#### INPUT DATA

+-------+

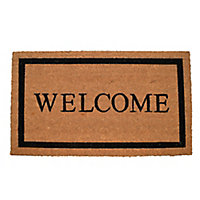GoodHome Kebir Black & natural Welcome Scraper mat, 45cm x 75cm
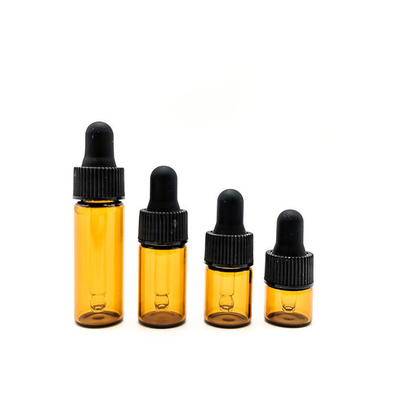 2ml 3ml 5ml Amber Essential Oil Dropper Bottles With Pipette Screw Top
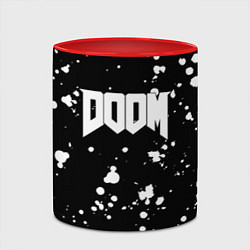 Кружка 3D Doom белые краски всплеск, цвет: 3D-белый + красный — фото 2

+-------+

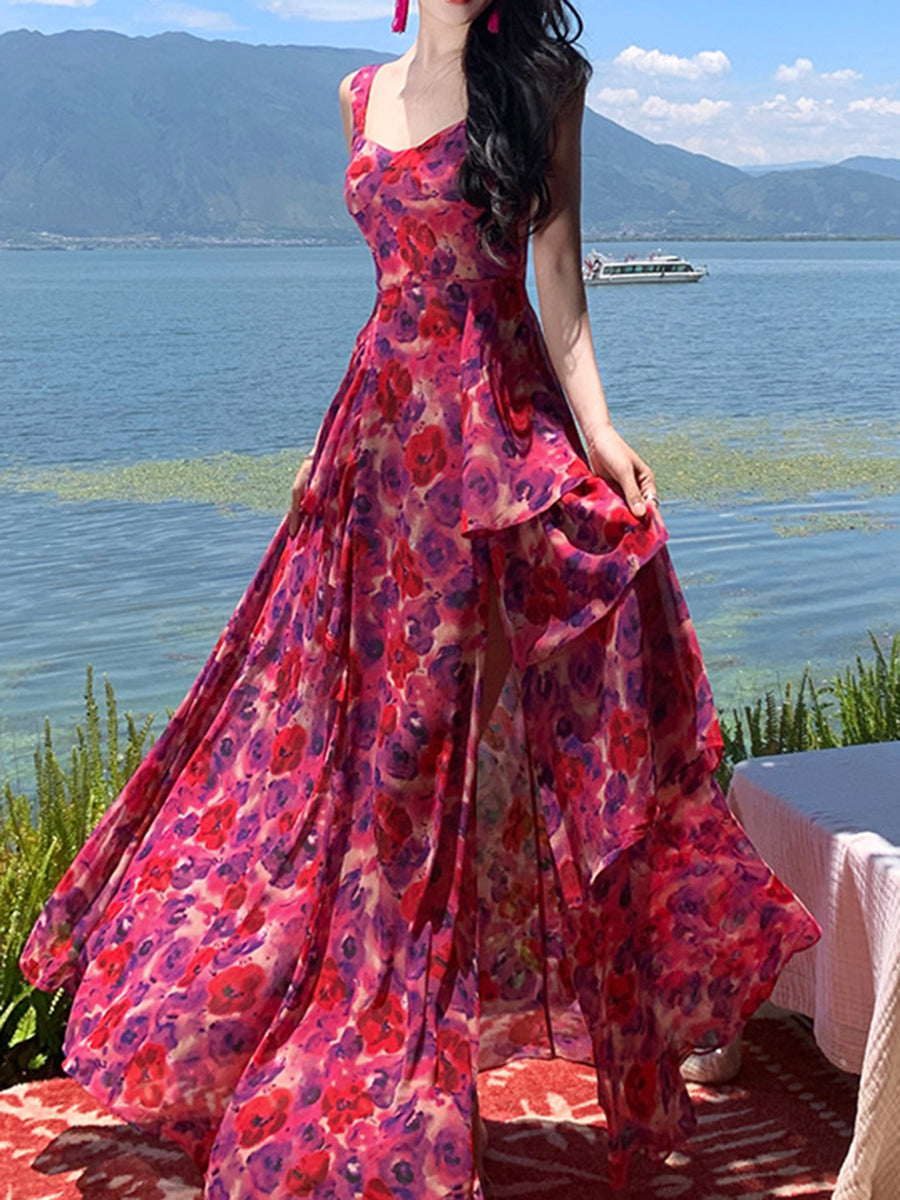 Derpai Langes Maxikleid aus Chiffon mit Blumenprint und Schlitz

+-------+

#### YOUR INSTRUCTIONS
Nothing outside the stretch above, from the line with "2ml 3ml 5ml" through the line with "Кружка 3D Doom", is set down. Transcribe that stretch exactly, ends included, but not its pictures.

#### RESULT
 2ml 3ml 5ml Amber Essential Oil Dropper Bottles With Pipette Screw Top
 Кружка 3D Doom белые краски всплеск, цвет: 3D-белый + красный — фото 2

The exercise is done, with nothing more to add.